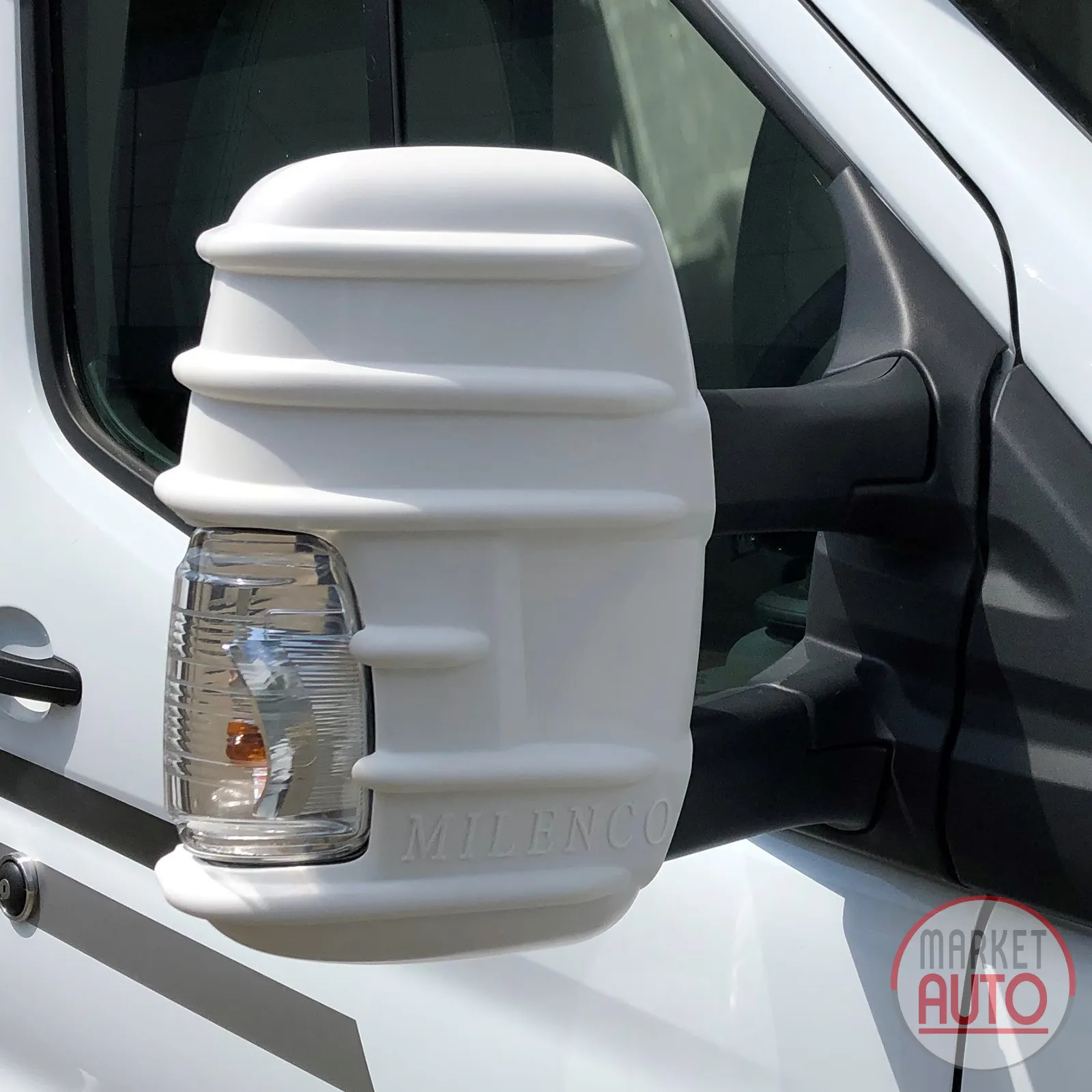 Set of Mirror Protector Protective Caps White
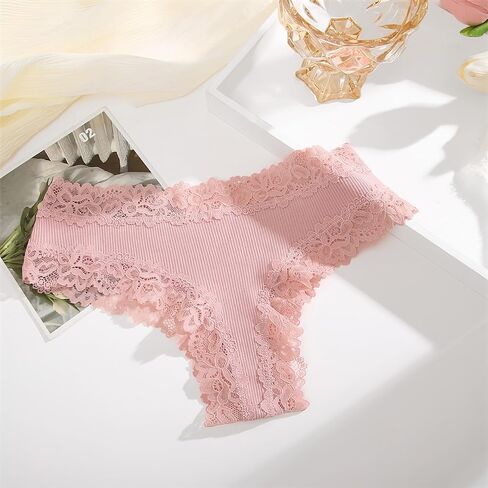 6 Pack Women's Lace Briefs Set - Panties for Women Soft Comfortable and Sexy Mid-Rise Cotton Underwear in Saudi Arabia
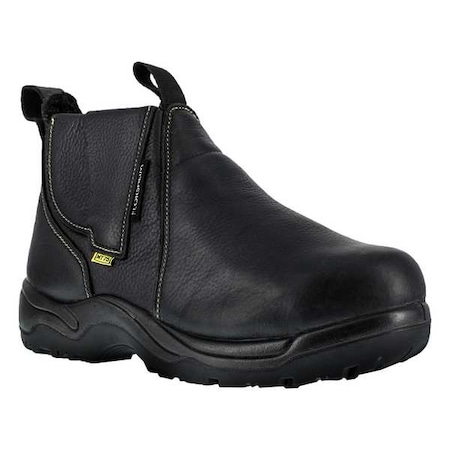 Men's Chelsea Boot, 10 1/2 W, Steel Toe, 6 in H, Black, FE690 MPN:FE690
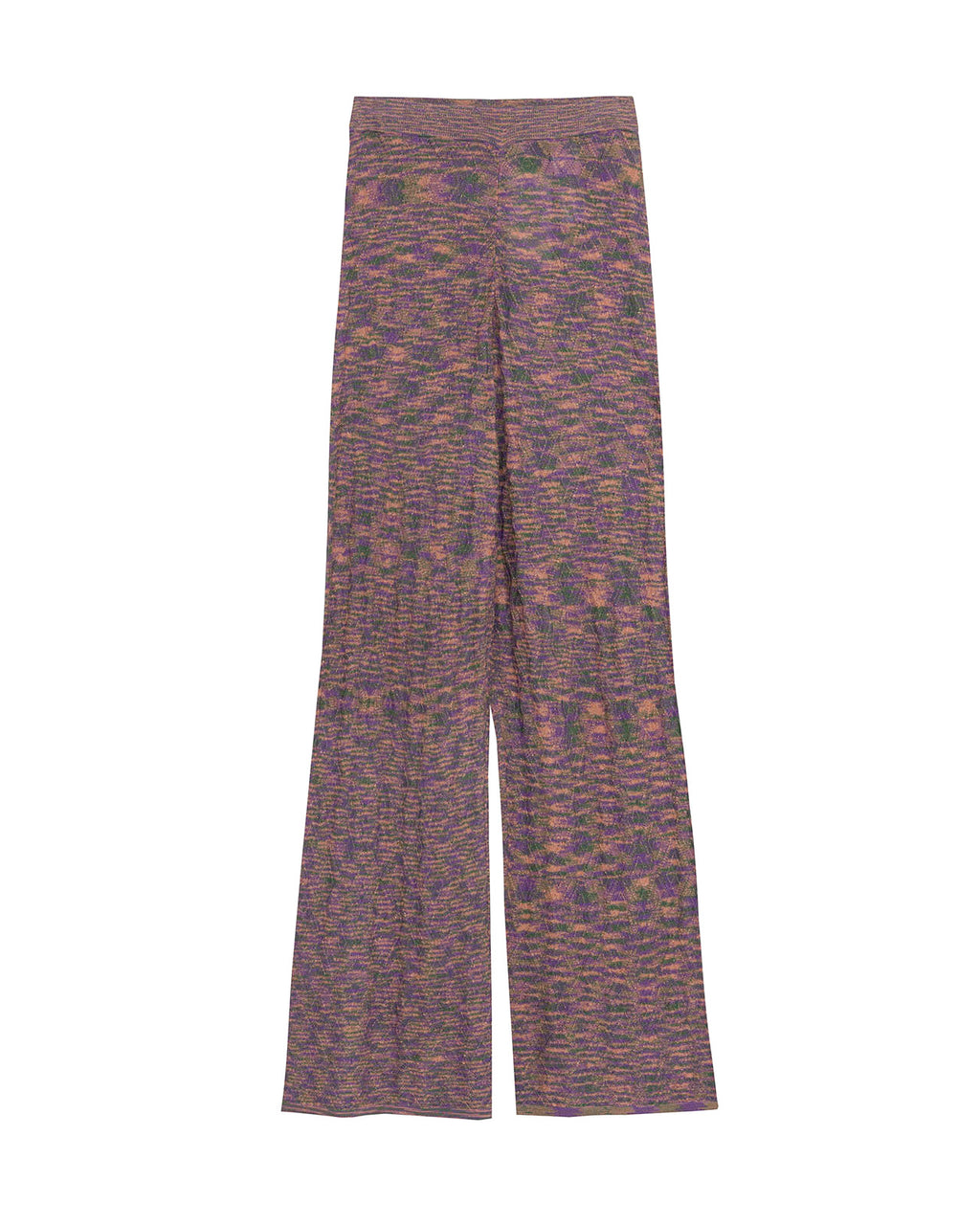 Slim-fitting lurex knit trousers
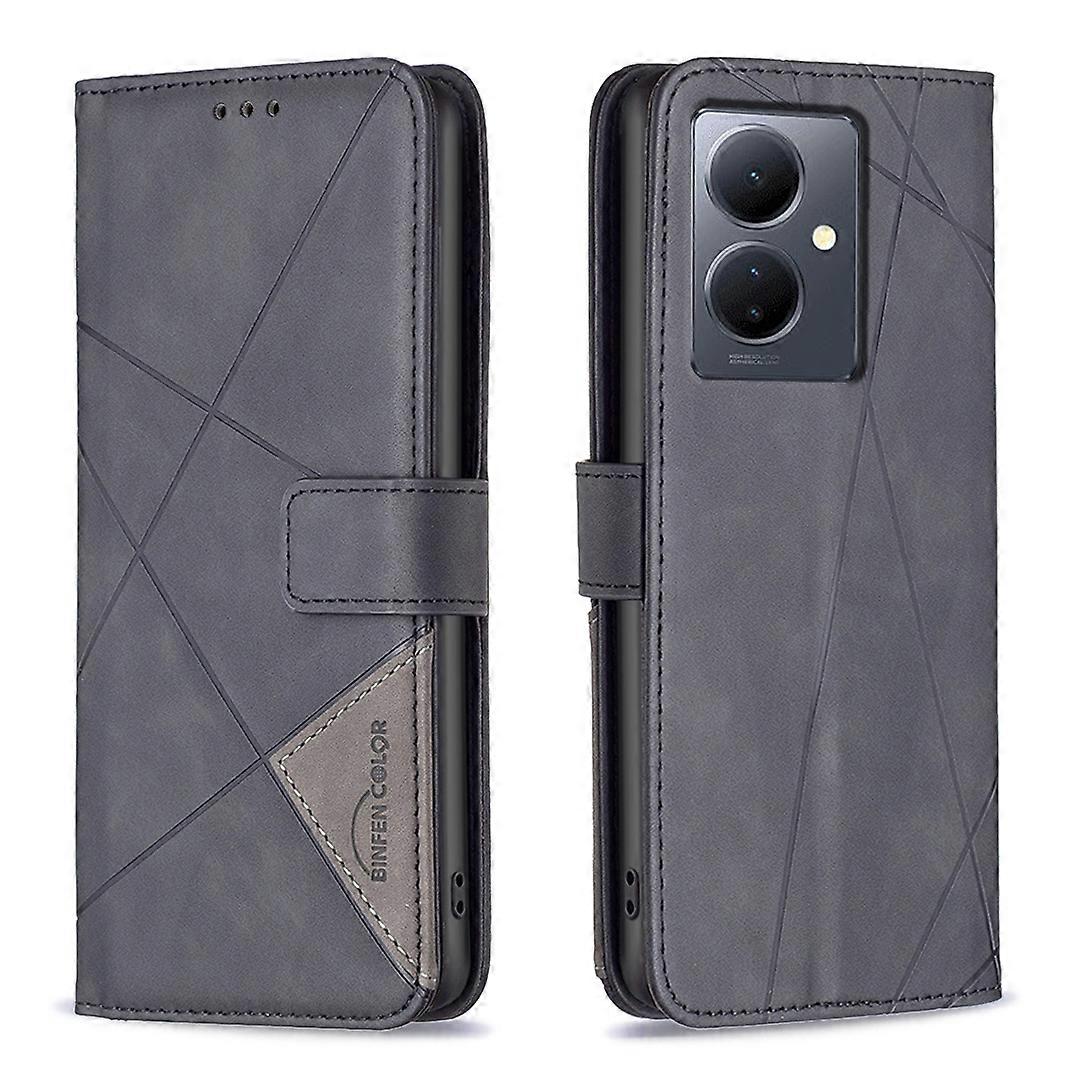 Magnetic Buckle Rhombus Texture Leather Phone Case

•••

Problem to solve.
The data must come back word for word, with every picture removed.

Your response.
 Set of Mirror Protector Protective Caps White
 6 Pack Women's Lace Briefs Set - Panties for Women Soft Comfortable and Sexy Mid-Rise Cotton Underwear in Saudi Arabia
 Men's Chelsea Boot, 10 1/2 W, Steel Toe, 6 in H, Black, FE690 MPN:FE690
 Slim-fitting lurex knit trousers
 Magnetic Buckle Rhombus Texture Leather Phone Case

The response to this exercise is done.